Vivek Kaul Examines Bad Money: Inside the NPA Mess and How It Threatens India’s Banking System: The Tribune India

Rachna Singh
The Nirav Modi fraud, the Baron Kingfisher scam and the most recent entanglement of the Punjab & Maharashtra Co-operative Bank have made headlines and captured the imaginations of the media and the Indian masses. What it has also done is to highlight the complex problem of banks’ non-performing assets (NPAs). March 2018 saw Indian banks falter under the impact of bad debts of over Rs10 lakh crore, much of which was on the books of PSB (Public Sector Banks). March 2019 saw a small reduction, but it’s clear the bad loan giant was going nowhere. So, the question that begs for an answer is why and how did the NPA crisis hit the Indian banking system? Vivek Kaul’s book “Bad Money: Inside the NPA Mess and How it Threatens the Indian Banking System” succinctly answers these questions through an in-depth and incisive analysis of the whys and hows of the NPA crisis.
How this threatens the Indian banking system
by Vivek Kaul. HarperCollins. Pages 339. Rs 538
The book is divided into two parts. The first part traces the growth and development of the Indian banking system characterized by excessive government control, while the second deals with the current crisis. The author believes that government-instigated policies such as “loan melas”, priority sector loans and lending targets for agriculture and the small-scale sector, etc. have created a system in which due diligence has become a barrier. The policy of “social banking” has given way to crony capitalism.
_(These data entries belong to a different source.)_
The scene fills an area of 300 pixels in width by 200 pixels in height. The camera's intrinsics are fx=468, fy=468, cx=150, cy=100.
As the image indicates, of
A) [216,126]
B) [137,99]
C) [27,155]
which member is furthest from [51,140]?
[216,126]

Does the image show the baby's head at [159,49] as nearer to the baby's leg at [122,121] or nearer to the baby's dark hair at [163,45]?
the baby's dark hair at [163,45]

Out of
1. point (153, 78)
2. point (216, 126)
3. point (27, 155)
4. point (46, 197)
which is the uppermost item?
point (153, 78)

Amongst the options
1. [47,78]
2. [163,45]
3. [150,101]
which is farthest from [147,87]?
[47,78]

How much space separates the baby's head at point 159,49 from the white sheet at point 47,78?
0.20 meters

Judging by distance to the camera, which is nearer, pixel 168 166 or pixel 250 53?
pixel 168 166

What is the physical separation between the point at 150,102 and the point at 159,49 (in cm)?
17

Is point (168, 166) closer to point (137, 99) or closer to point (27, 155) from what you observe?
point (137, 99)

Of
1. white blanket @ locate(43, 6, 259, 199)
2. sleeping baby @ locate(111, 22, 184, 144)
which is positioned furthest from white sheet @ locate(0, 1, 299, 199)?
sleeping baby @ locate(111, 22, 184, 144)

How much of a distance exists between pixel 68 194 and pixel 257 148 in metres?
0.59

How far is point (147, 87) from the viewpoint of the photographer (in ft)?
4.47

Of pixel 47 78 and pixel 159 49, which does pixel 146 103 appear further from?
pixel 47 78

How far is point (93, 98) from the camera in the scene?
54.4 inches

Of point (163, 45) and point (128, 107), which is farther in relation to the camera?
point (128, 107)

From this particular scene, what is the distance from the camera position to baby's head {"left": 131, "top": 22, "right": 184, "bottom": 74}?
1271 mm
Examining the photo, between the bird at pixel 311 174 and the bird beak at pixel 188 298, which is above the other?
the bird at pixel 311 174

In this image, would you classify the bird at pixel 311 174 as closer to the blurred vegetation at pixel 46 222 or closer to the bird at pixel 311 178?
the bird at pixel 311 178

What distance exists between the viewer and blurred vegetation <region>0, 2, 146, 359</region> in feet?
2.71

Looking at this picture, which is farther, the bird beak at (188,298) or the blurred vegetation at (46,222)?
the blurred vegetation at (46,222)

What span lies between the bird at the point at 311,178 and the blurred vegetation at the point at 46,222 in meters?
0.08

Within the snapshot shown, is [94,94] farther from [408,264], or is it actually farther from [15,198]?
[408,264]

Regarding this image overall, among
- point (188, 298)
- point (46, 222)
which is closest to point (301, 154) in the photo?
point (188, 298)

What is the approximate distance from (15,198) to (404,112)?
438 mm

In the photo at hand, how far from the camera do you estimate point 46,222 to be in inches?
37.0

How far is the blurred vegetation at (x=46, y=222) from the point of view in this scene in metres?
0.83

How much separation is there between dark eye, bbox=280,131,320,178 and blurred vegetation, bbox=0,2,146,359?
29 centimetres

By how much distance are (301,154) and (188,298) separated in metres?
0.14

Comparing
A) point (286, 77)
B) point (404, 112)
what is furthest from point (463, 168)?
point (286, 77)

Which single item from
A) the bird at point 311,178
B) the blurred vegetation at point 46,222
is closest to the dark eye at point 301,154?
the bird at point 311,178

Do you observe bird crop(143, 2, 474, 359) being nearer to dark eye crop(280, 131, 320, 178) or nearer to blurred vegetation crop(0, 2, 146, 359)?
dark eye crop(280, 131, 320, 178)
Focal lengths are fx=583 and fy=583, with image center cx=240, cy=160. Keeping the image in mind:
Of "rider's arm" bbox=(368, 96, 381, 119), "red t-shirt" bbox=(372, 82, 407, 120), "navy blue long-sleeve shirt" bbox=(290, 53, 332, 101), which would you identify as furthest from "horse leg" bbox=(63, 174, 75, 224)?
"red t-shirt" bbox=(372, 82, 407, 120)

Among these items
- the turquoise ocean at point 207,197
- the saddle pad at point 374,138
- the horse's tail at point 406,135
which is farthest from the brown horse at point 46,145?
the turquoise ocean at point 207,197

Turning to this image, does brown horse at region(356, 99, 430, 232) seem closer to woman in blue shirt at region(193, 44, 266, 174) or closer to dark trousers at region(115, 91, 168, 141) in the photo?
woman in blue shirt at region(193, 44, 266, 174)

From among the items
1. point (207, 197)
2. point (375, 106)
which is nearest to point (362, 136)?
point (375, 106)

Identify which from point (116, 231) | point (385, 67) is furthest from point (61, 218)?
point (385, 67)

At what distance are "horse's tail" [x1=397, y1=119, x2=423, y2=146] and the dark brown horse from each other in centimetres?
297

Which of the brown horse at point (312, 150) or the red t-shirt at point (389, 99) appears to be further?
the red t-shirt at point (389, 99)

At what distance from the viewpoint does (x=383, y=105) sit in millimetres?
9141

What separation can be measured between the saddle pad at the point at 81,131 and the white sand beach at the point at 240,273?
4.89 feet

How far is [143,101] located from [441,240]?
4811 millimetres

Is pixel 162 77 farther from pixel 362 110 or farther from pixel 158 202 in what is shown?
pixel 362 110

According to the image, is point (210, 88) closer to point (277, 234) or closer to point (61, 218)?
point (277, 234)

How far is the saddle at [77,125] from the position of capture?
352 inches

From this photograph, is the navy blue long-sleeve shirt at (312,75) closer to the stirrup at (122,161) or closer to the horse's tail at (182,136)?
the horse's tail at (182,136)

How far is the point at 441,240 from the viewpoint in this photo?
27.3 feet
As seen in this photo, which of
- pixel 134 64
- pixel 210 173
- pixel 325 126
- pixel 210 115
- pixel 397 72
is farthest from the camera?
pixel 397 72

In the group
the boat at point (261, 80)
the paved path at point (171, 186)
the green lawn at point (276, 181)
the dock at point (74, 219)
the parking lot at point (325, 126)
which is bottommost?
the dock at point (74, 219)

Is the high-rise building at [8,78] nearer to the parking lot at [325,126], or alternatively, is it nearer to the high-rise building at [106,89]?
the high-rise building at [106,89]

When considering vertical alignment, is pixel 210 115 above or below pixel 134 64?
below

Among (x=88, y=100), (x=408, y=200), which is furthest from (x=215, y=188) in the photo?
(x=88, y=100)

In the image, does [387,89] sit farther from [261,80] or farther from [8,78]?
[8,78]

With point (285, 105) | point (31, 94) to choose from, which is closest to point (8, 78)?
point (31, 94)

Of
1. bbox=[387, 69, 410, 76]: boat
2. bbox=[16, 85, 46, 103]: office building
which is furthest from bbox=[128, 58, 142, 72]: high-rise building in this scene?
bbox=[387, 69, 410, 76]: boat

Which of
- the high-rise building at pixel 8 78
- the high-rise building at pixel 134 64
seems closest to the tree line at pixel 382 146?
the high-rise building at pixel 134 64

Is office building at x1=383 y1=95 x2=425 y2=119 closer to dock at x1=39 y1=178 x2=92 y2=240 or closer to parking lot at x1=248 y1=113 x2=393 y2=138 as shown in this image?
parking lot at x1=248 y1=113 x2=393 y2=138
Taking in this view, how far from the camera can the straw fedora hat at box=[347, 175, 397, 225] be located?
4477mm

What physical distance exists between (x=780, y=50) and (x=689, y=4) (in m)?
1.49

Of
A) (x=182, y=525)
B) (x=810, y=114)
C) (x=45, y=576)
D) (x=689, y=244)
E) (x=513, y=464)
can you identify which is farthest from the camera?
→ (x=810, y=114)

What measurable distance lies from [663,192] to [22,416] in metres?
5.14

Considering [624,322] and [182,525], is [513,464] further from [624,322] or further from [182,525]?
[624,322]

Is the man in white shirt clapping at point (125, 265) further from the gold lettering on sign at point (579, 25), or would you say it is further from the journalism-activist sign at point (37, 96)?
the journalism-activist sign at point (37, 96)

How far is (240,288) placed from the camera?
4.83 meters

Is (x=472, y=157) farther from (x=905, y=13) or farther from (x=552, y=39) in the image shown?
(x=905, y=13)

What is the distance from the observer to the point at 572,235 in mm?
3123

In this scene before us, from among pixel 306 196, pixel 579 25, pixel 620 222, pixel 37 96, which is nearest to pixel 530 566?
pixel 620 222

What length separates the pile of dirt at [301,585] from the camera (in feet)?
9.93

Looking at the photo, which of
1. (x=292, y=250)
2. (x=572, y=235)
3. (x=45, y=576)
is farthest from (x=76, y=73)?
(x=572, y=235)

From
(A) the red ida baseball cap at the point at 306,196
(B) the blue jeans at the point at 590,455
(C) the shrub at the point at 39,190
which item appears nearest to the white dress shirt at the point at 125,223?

Kaul uses Minsky’s financial stability hypothesis to logically explain how the strong economic growth of the early 2000s made people believe the good times were here to stay. This has led companies and industrialists to plan new projects and to seek loans from banks to finance the projects. It also prompted bankers to forgo caution and lend generously. The upward economic trajectory hit a roadblock when the 2008 financial crisis erupted. Delayed approvals and policy changes have led to stalled projects and company defaults, especially in the infrastructure, power and metals sectors.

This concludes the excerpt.